—♯ƒ • François-René ÐVB Rideau •Reflection&Cybernethics• http://fare.tunes.org
On Tue, Oct 22, 2013 at 3:57 PM, Dave Cooper david.cooper@genworks.com wrote:
I suppose the solution is for search-for-system-definition to treat sysdef-preloaded-system-search specially and put it at the end of the search, just like it magically puts find-system-if-being-defined first. For backward compatibility, we can either remove sysdef-preloaded-system-search from the *system-definition-search-functions*, or have it become a no-op, and have its effect magically at the end of search-for-system-definition under a different name.
But isn't uiop a bit of a special case? As I understand it, according to normal use, you would indeed want preloaded-systems to come first in the search, wouldn't you? Let's say I ship an image with cl-who built into it. Then the downstream user loads quicklisp and asdf (which I specifically do _not_ build into my image, but the current-version source code for which I provide with my distribution, with a convenient function for the user to load them).
I plan to arrange for all the built-in systems to get registered immediately after the user loads quicklisp and asdf (of course the user could circumvent that if she really wanted to, but by default I would think this should be the case).
Then let's say the user next loads some library which :depends-on (:cl-who). Since cl-who is built into the image, we really don't want quicklisp going out and fetching it again, do we? Isn't that the whole point of registering preloaded sytems?
Preloaded systems should come LAST, not first. If the user took pains to install some source code, he probably wants to use it.
If the user wants to black out some of the systems in quicklisp that would otherwise install some source, he may have to take some extra steps, but these won't be builtin to asdf. Quicklisp should offer a way to unregister some packages, and/or sysdef-preloaded-system-search or a variant thereof can be explicitly tucked in front of the quicklisp search functions in *system-definition-search-functions*. In any case, this should NOT be the default behavior of ASDF — but you're welcome to have gendl modify this default, if that makes things more stable for your users.

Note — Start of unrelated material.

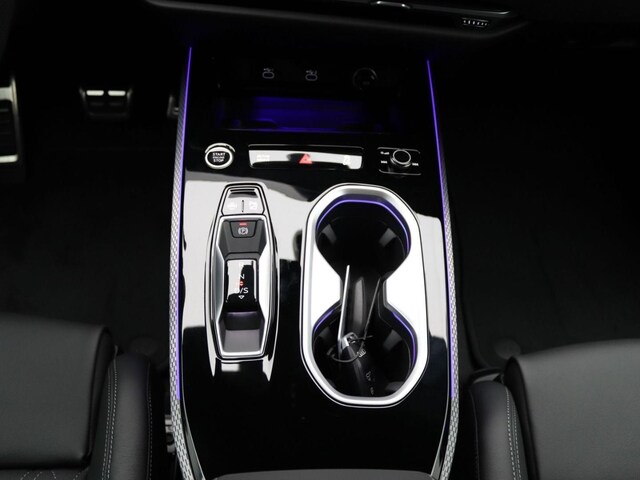 Audi A6 Avant S-Tronic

That the current ASDF 3.0.2 preempts quicklisp in finding preloaded systems is a bug in ASDF and/or quicklisp. (It's arguably a bug in quicklisp that it didn't work around that misdesign in ASDF, but there was still at least a distasteful design in ASDF, and it's now fixed in 3.0.2.34.) That bug wasn't too bad in 3.0.2 where the only systems registered as preloaded were asdf (that isn't in quicklisp as a distributed system anyway) and asdf-driver (which legacy name is only used by a few legacy libraries that will accept a newer backward compatible uiop) . But the bug just got worse in 3.0.2.x where uiop and asdf-defsystem are also preloaded; in the hopefully near future, asdf-package-system will be preloaded, too, as will any future asdf extensions that get moved into asdf itself (notionally, we could have included asdf-bundle, though no one depended on it by name, it seems; asdf-utils could also have been registered as preloaded, but all users have moved on).